[v4] bpf: move bpf sysctls from kernel/sysctl.c to bpf module

[PATCH v4 sysctl-next] bpf: move bpf sysctls from kernel/sysctl.c to bpf module

Posted by Yan Zhu 4 years, 2 months ago

We're moving sysctls out of kernel/sysctl.c as its a mess. We
already moved all filesystem sysctls out. And with time the goal is
to move all sysctls out to their own subsystem/actual user.

kernel/sysctl.c has grown to an insane mess and its easy to run
into conflicts with it. The effort to move them out is part of this.

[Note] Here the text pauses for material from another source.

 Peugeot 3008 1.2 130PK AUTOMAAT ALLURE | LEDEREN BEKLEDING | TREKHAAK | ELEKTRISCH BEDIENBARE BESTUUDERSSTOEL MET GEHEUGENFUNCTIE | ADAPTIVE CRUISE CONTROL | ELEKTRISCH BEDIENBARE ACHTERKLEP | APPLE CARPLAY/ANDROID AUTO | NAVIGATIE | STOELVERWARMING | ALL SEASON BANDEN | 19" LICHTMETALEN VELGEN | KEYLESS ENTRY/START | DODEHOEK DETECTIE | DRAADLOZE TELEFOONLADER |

Signed-off-by: Yan Zhu <zhuyan34@huawei.com>

---
v1->v2:
  1.Added patch branch identifier sysctl-next.
  2.Re-describe the reason for the patch submission.

v2->v3:
  Re-describe the reason for the patch submission.

v3->v4:
  1.Remove '#include <linux/bpf.h>' in kernel/sysctl.c
  2.re-adaptive the patch
---
 kernel/bpf/syscall.c | 87 ++++++++++++++++++++++++++++++++++++++++++++++++++++
 kernel/sysctl.c      | 79 -----------------------------------------------
 2 files changed, 87 insertions(+), 79 deletions(-)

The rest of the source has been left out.